All right, this is already going long. And there's plenty more I want to get to. Simply, tariffs work for the specific producers but make everyone else poorer. Including those specific producers, in the long-run.

Yet... the fallacies coming from Trump's tiny lips are the same ones I hear coming out of Canadians fat mouths. And this is whether they politically identify with the Orange Dingbat or not.

This idea that "we don't need no Americans, we got all the resources here in Canada, let's just build our manufacturing base here!"

And how do you suppose we do that? By discouraging exports through tariffs? How about the outright nationalization of crude oil, cars, gold, refined petroleum oils, automotive parts and accessories, petroleum gas, sawn and chipped wood, aluminum, and turbojets industries?

We could always raise the price of manufactured goods in Canada, demand Canadian entrepreneurs step up to the plate...

But how could we be expected to do this in a regime with punitive taxation and a costly and unnecessary government bureaucracy? Where business decisions are increasingly and fundamentally the will of bureaucratic enforcement instead of the entrepreneur?

Canadians, if they don't want to sound like Trump cut from a different cloth, should consider looking at the long-run effects on everyone as a whole instead of the immediate effects on a single group of people.
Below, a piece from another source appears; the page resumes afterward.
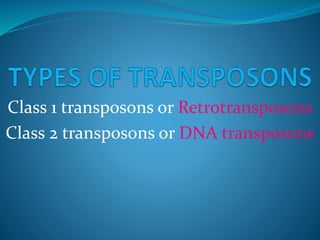 Class 1 transposons or Retrotransposons
Class 2 transposons or DNA transposons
And about Canada's dairy cartel?

It's true -- they will be hurt if supply management ends. As some people have developed specialized skills surrounding supply management, they may suffer permanently. That is, until they learn a new skill. If they can. Perhaps they're in their 50s or 60s and without sufficient savings.

Such is life. It's unfair. Once upon a time, mutual aid societies like the Lions Club or the Odd Fellows played a much larger role in civic life. Like with everything else, the state has made this unaffordable. It has unintentionally fostered dependence on itself. It has crowded out private investment, including social capital.

We are now at the end of the experiment in social democracy and socialism. It may last another 20 years. But this is the end.

Fair or unfair, facts don't lie. It is a fallacy to say supply management or tariffs "provide employment," or "protect consumers" or any of that nonsense.

So far as our standard of living is concerned, it does the complete opposite.

We are poorer with tariffs and we are poorer with supply management. We're probably better off with NAFTA then without it, but, ultimately, we need to focus on the Federal Reserve if we're ever going to get anywhere.